Ched Evans’ ‘Not Guilty’ Verdict Doesn’t Mean He’s Morally Innocent

And the woman at the centre of this awful, awful court case is still a ‘victim’, says Grazia columnist Lucy Vine

Ched Evans

by Lucy Vine |
Published on

Not long ago, I told a friend of mine that she had ‘joined the Woman Club’ after she woke up in bed with a man she didn’t know very well, who had his fingers inside her. It was a second date, they’d been drinking together and ended up back at his. She told him she didn’t want to do anything and he waited until she fell asleep to decide that he knew better. She rang me crying the next day, furious, ashamed, and adamant she wasn’t going to do anything about it. Partly because she knew she would be blamed for being there at all, and partly because of what we have just seen done in the Ched Evans rape case.

On Friday 14th October, the footballer was found not guilty of rape, almost exactly two years after his release from prison for the crime. It’s the end of a very expensive campaign from the footballer to ‘clear his name’, and it’s included multiple private investigators and a £50,000 reward for anyone who could help lead to his acquittal. The ‘new evidence’, that allowed the case to be reopened, consisted of two men who came forward to describe casual sex they’d had with the 19-year-old waitress. As a consequence – and it is still very, very difficult to understand this – her sexual history was heard in court. Her sexual preferences grilled under oath.

After it was over, outside the court, Evans’ representative read out his statement, about the night that ‘changed my life… forever,’ saying, ‘My innocence has now been established.’

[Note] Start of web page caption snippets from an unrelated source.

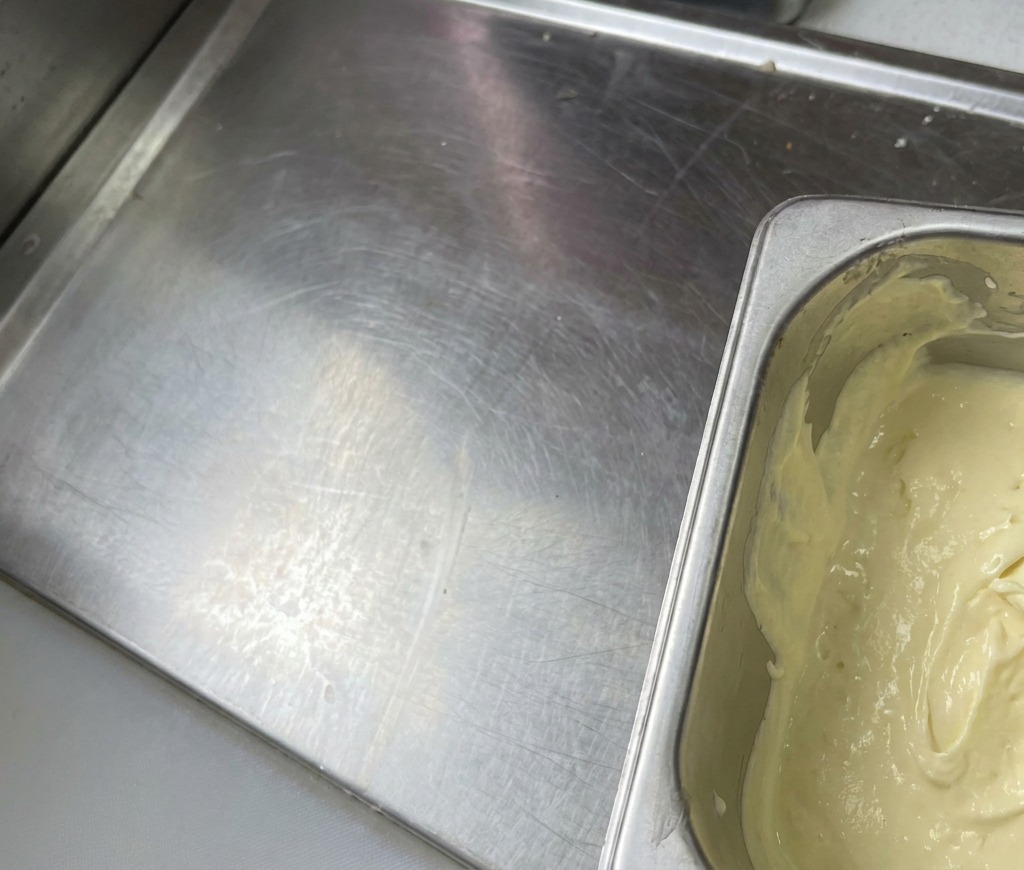 Un contenitore di metallo riempito con una salsa liscia, cremosa e di un colore giallo pallido.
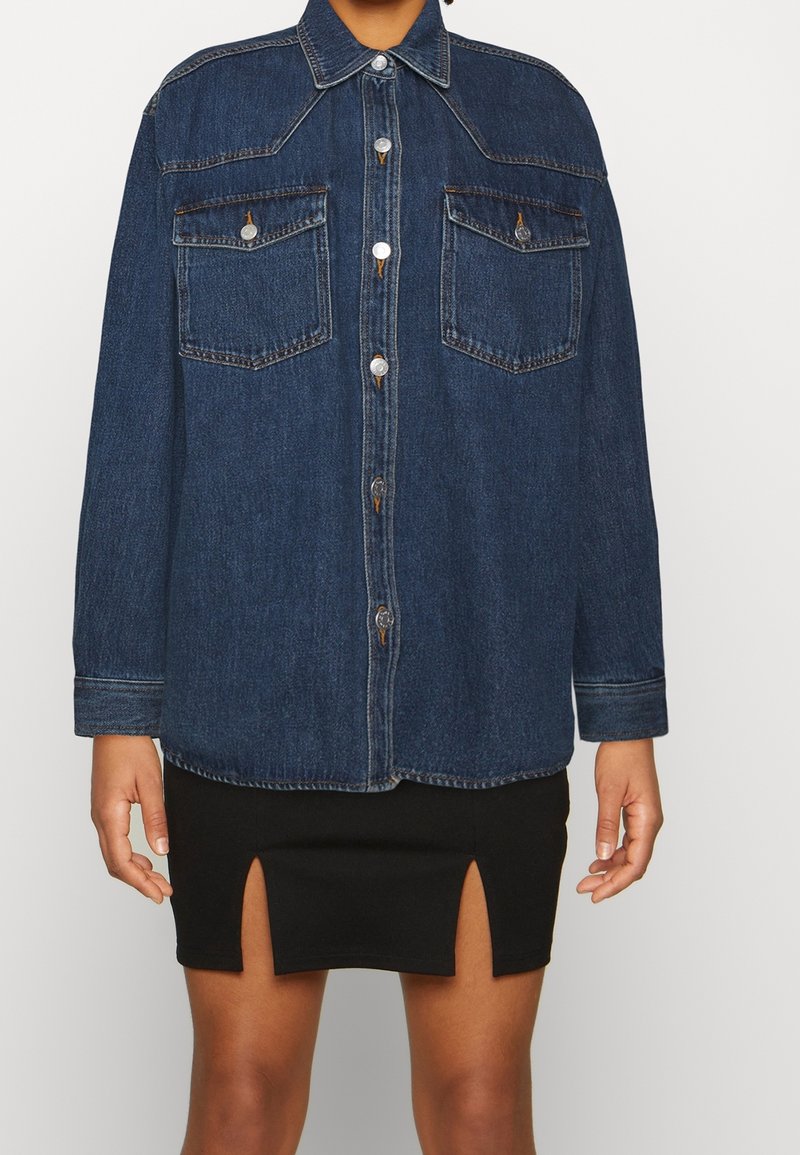 Denimskjorta i mörkblått med spetsig krage, knappföring fram, två bröstfickor och långa ärmar. Bärs över en svart kjol med slitsar.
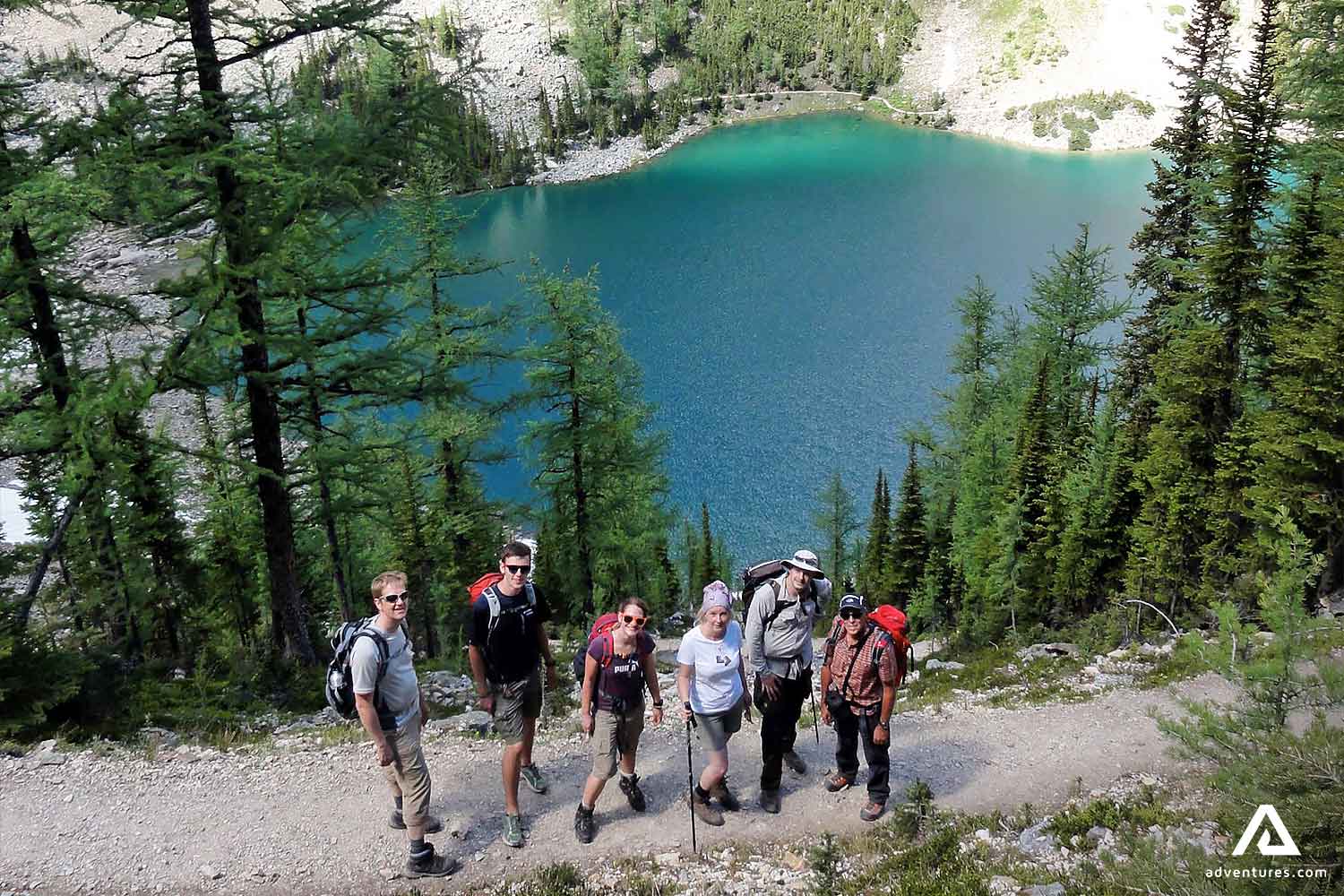Group by Blue Lake in Rocky Mountains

Legally, they found him not guilty – meaning the jurors couldn’t be certain beyond reasonable doubt that he did it – but morally innocent? Nothing about Evans’ actions in the early hours of 30 May 2011 were innocent. In case you’ve missed the horrible detail; after a night out in north Wales with his friend and fellow footballer, Clayton McDonald, Evans went to a kebab shop. CCTV footage shows him in there, pointing at the unnamed girl, who is falling over drunk inside the shop. McDonald later got in a taxi with her, texting Evans that he ‘got a bird’. Evans followed them back to the hotel shortly afterwards, lying to staff in order to get an extra room key. He sent his two friends round the side of the building, to watch from a window. Evans let himself in, had sex with the woman, and left via the fire exit, without – he admits – saying one single word to her before, during or afterwards.

The jury determined that the woman was conscious and coherent enough to give consent (although, just a reminder; the Sexual Offences Act 2003 is very clear that someone can only consent when they have ‘the freedom AND CAPACITY to make that choice.’ Those are my caps). But whatever went on, it’s clear that Evans’ intention was to have sex that night. He let himself into the room, knowing his friend was in there with a drunk girl. He wanted to hear a certain answer and he expected to get it. He said later, during police interviews, that as a footballer he ‘could have had any girl.’ Her consent – and she could’ve been anyone – was largely presumed before Evans entered that room. It's what a lifetime of yesses – with fame and money opening every door - does.

The woman woke up the next morning, naked, with no memory of what had happened. A friend described her arriving on her doorstep, saying, ‘When I opened the door she was crying hysterically. She was sobbing, trying to catch her breath.’ The girl didn’t claim to be raped – that was decided for her – but either way, she’s been living in a kind of awful hell since. She’s had to move house over and over, changed her name and identity at least five times, and a quick, soul-destroying look (that I wish I hadn’t taken) on Twitter shows the vile vitriol goes on and on and on. Calling for her to be ‘shot in the head live on Saturday evening tv’, labelling her a ‘slut’ and a ‘bitch’, naming her again and again, despite her legal right to anonymity. Even callers to a BBC radio show on Monday felt entitled to comment on her sexuality with one listener telling the host: ‘She wasn’t exactly a virgin, was she?’

With this oh-so public, horrifying reaction to a rape case, how do we continue to convince women to come forward? When I told my friend that she was now part of ‘the Woman Club’, I meant that just about every one of us has been subjected to some kind of sexual assault at some point in our life. It starts to feel like the disgusting, sleazy wallpaper that comes with being a woman. And with the degradation of the victim front and centre in this case, what woman out there – my friend included – will feel secure coming forward about their assault? Particularly given the latest rape figures from last week, showing reports have doubled in the last four years, but convictions have fallen again, from an already dismally low 5%.

Ched Evans may be not guilty of rape, but with his disturbing actions that night, and those since – bringing in a victim’s sexual history to a rape case – he has enabled and validated the idea that women who have one night stands are too ‘slutty’ to be raped, and that ‘most’ women lie about being raped (the stats there are more like 5%). He’s not guilty in law, but he’s also a long way from being innocent.